[[ Working data, beginning ]]
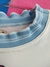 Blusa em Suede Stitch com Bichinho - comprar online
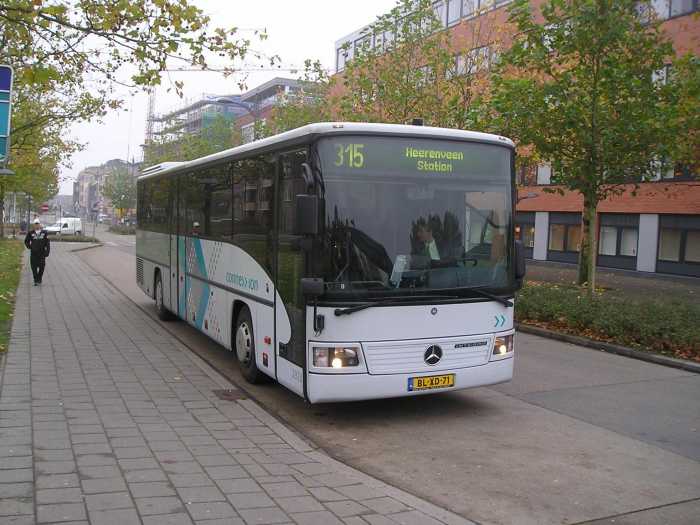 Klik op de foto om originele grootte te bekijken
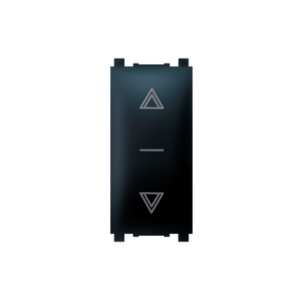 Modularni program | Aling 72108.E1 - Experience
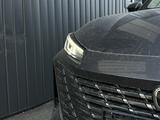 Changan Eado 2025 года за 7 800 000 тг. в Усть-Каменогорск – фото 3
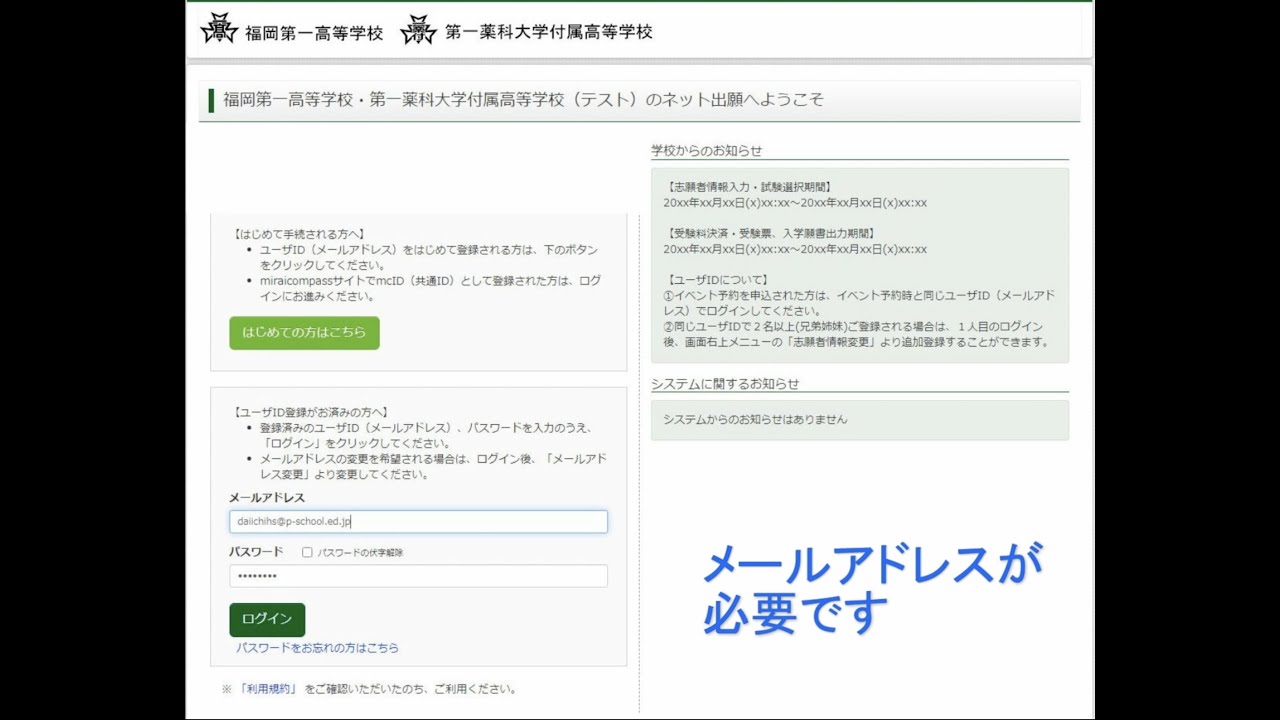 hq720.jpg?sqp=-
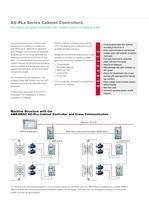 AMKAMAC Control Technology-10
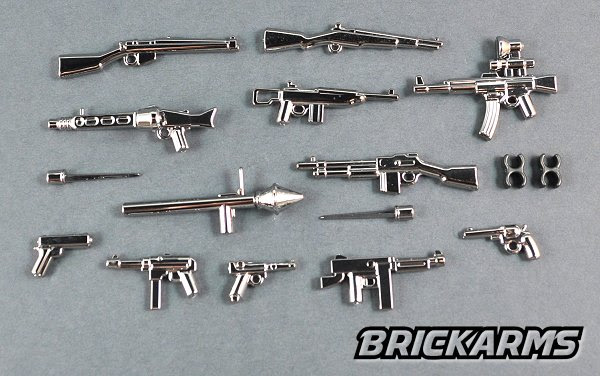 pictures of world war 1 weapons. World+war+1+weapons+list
[[ Working data, end ]]
[[ Working data, beginning ]]
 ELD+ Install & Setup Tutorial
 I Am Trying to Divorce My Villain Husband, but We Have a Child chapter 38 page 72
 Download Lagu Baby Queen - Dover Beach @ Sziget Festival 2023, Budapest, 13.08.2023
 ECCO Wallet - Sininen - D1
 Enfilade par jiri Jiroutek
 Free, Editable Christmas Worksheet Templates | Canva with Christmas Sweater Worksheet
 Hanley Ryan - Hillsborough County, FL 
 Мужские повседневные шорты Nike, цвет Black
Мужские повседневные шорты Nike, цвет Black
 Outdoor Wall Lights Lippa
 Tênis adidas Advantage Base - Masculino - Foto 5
[[ Working data, end ]]
Give again exactly, and only, the lines above starting at the one with "I Am Trying" and ending at the one with "Tênis adidas Advantage".

 I Am Trying to Divorce My Villain Husband, but We Have a Child chapter 38 page 72
 Download Lagu Baby Queen - Dover Beach @ Sziget Festival 2023, Budapest, 13.08.2023
 ECCO Wallet - Sininen - D1
 Enfilade par jiri Jiroutek
 Free, Editable Christmas Worksheet Templates | Canva with Christmas Sweater Worksheet
 Hanley Ryan - Hillsborough County, FL 
 Мужские повседневные шорты Nike, цвет Black
Мужские повседневные шорты Nike, цвет Black
 Outdoor Wall Lights Lippa
 Tênis adidas Advantage Base - Masculino - Foto 5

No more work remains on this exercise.